Gymnastics Alaska 7

Gabrielle Cooke holds her dismount at ISU's Gymnastic meet on Sunday in Horton Field House.

As the lights shine down on the competition, chalk fiercely glistens down her hands and legs. Like a soldier preparing for battle, she stares down her opponent; for it is not just another competitor, but, rather, the bars, beam and floor.

While strength, flexibility and balance defines the life of gymnast, Illinois State sophomore gymnast Gabrielle Cooke not only strives to be one the best gymnasts in the Midwest — she has already achieved it.

Named the Midwest Independent Conference Gymnast of the Year in March, Cooke’s skills proved to be the most impressive for the Redbirds and the MIC conference this year.

A three-time 2018 MIC Performer of the Week during the season — which ended March 23 — Cooke established that her talent will not be denied as one of the best all-around gymnasts in the conference.

Cooke scored over 39.000 in the all-around in three meets, as well as her number two overall ranking on the floor. Her season-high all-around score of 39.250 was tied for second in conference while her season-high mark of 9.900 on the floor was ranked first in the MIC.

While these achievements come as an outcome of countless hours in the gym and dedication to the sport she loves, Cooke looks back on her roots and inspirations as a young gymnast learning the ropes.

“I was about six when I started competing,” Cooke said. “Even when you’re young, gymnastics has a really demanding schedule because you train a lot, I just stuck with it ever since.”

“When I was younger, I looked up to Olympic gymnasts like Alicia Sacramone, who was a 2008 Olympian. As I got older, I had a family friend who was a gymnast at NIU, so I kind of really looked up to her to do college gymnastics and that was what I aspired to do.”

As one of the more prolific Olympic sports, gymnastics requires mental toughness and physical endurance. Athletes train almost their entire lives to achieve greatness and with each surpassing level, more rigorous training schedules follow suit.

“[Training] definitely increases as you get older, especially in high school when you’re trying to get recruited,” Cooke said. “In the summers, you usually spend five to six hours in the gym a day.”

Coinciding schoolwork with practice her entire life, the sophomore journalism student emanates the student-athlete way of life. Along with training, Cooke pointed to coursework as her biggest challenge of being a collegiate gymnast.

“Balancing school with gymnastics,” she said. “Balancing it in high school was a little different, but obviously in college it is more demanding physically and academically. Our coaches really care about our academics [so] finding balance between the two can be difficult.”

Coming off her stellar sophomore season, Cooke asserts that her goals have always been about the team.

“I want the team to make it to regionals, that’s my goal,” Cooke said. “Our team is pretty united. Some teams we go against don’t look as united and don’t like they’re having fun. We definitely go out there and have a lot of fun. We always got each other’s backs.”

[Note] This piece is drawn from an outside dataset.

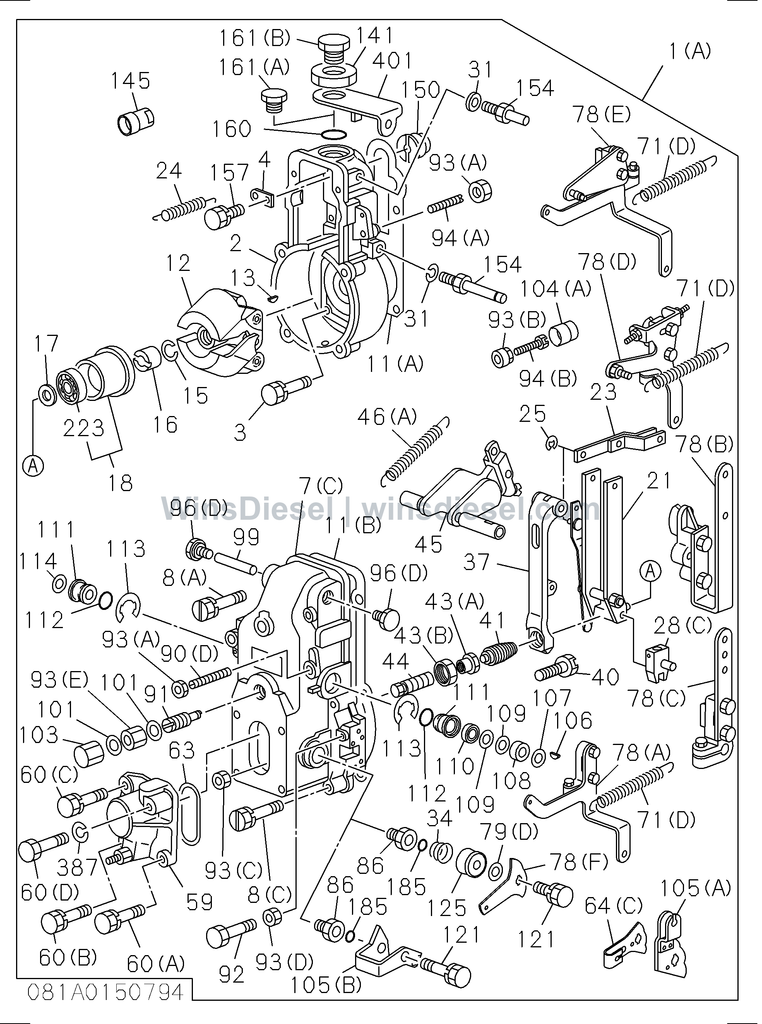 Isuzu 4BD1 injection pump governor parts diagram 081A0150794 for Hitachi EX120-3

As Cooke and teammates strive to put ISU gymnastics on the map, she is grateful to be a part of and represent Illinois State wherever she competes.

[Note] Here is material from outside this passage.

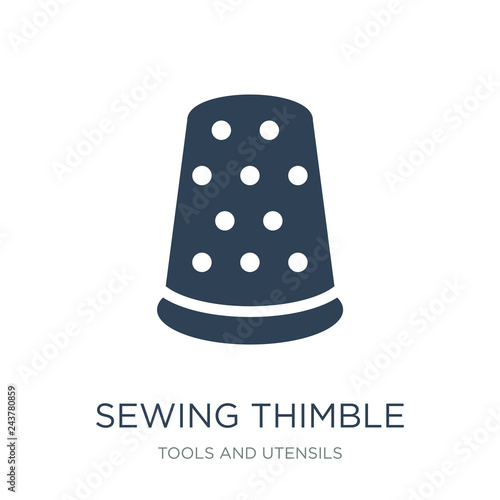 sewing thimble black variant icon vector on white background, sewing thimble black variant trendy filled icons from Tools and utensils collection, sewing thimble black variant vector illustration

“It means a lot to me to represent ISU,” she said. “Being a collegiate athlete and a role model for younger girls who watch our meets is truly an honor.”

The Redbirds will be back in action next January as Cooke and her teammates take the floor in 2019 in search for a NCAA regional title. Until that time, you can count on Cooke being in the gym working on her routine, quietly preparing for her next chance at glory.